AAA projected 70.9 million travelers will head 50 miles or more from home during the Independence Day holiday travel period, which is defined as the nine-day period from June 29 to July 7.

Historically, AAA pointed out, the Independence Day holiday period included only one weekend. This is the first year the Independence Day holiday travel period is a longer timeframe with two weekends included.

As a result, analysts said this year’s projected number of travelers for that stretch is expected to increase 5% compared to 2023 and 8% above 2019.

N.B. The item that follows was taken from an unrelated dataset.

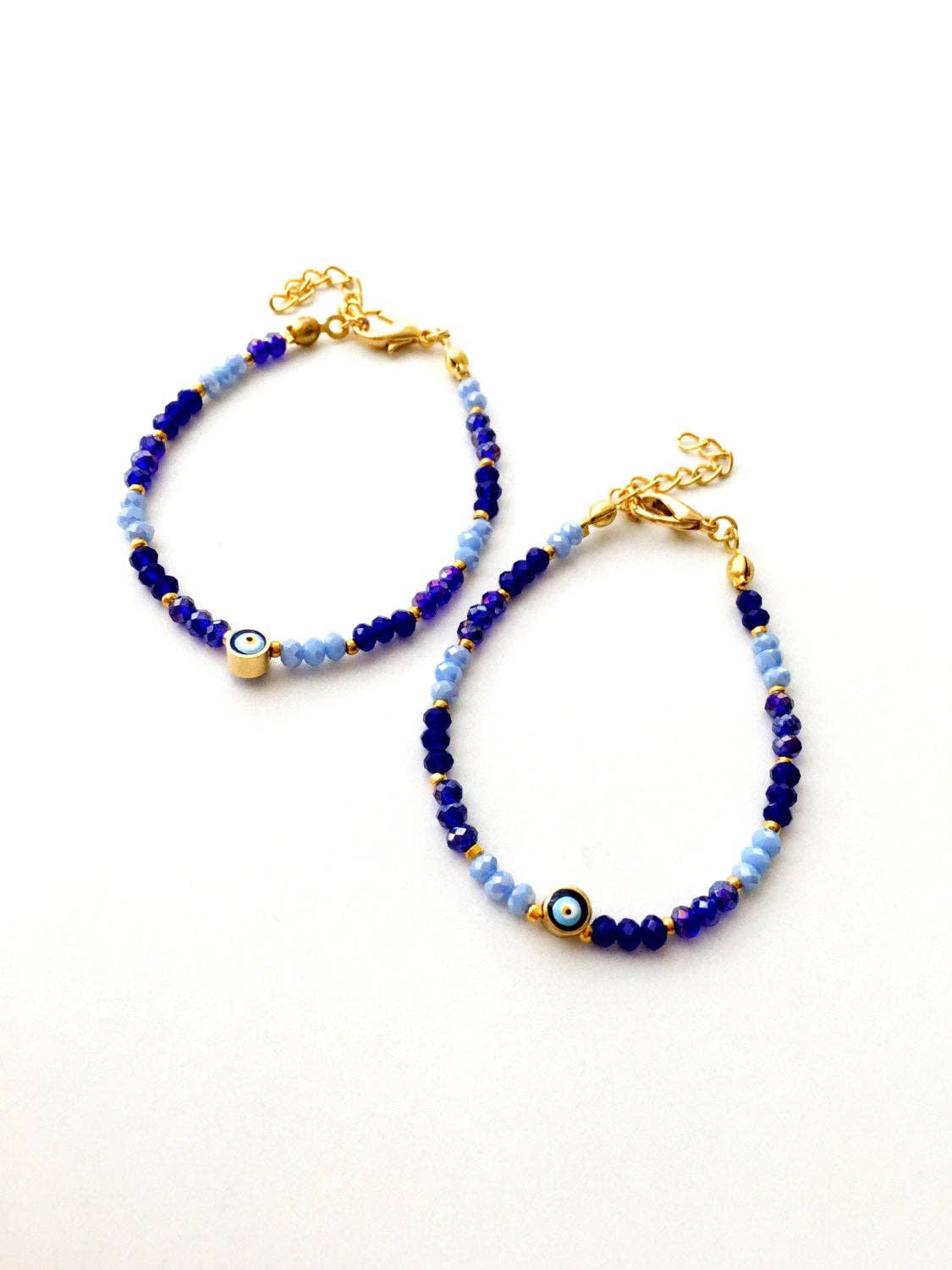 Blue Seed Beads Evil Eye Bracelet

“With summer vacations in full swing and the flexibility of remote work, more Americans are taking extended trips around Independence Day,” said Paula Twidale, senior vice president of AAA Travel. “We anticipate this July 4th week will be the busiest ever with an additional 5.7 million people traveling compared to 2019.”

AAA forecasted a record 60.6 million people will travel by car over Independence Day week — that’s an additional 2.8 million travelers compared to last year.

This year’s prediction also surpassed 2019 when 55.3 million people traveled by car over July 4th week.

Furthermore, AAA car rental partner Hertz said Dallas, Denver, Salt Lake City, Los Angeles and San Francisco are the cities displaying the highest rental demand during the holiday week. The busiest pick-up days were projected to be last Friday and Saturday along with the day before Fourth of July.

AAA also mentioned gas prices are lower than last year when the national average was $3.53.

“Pump prices will likely continue going down leading up to Independence Day,” AAA said. “At that point, they will likely level off and remain relatively stable until after Labor Day, similar to last year.

“An important caveat is hurricane season — underway now — which could affect gas prices should a storm negatively impact Gulf Coast oil production and refining centers,” AAA continued.

With consumers expecting to get plenty of windshield time getting to family and friends gatherings, fireworks shows and more, the activity behind the wheel might fuel the recent projections from the Auto Care Association.

The association recently reported that total U.S. light duty aftermarket sales grew by 8.6% in 2023 to $392 billion — surpassing the previous year’s projections of 8.1%.

The organization added that light vehicle growth in 2024 is expected to be at a “robust” 5.9%, with the total light-, medium- and heavy-duty automotive aftermarket now expected to become a $617.3 billion industry by 2027.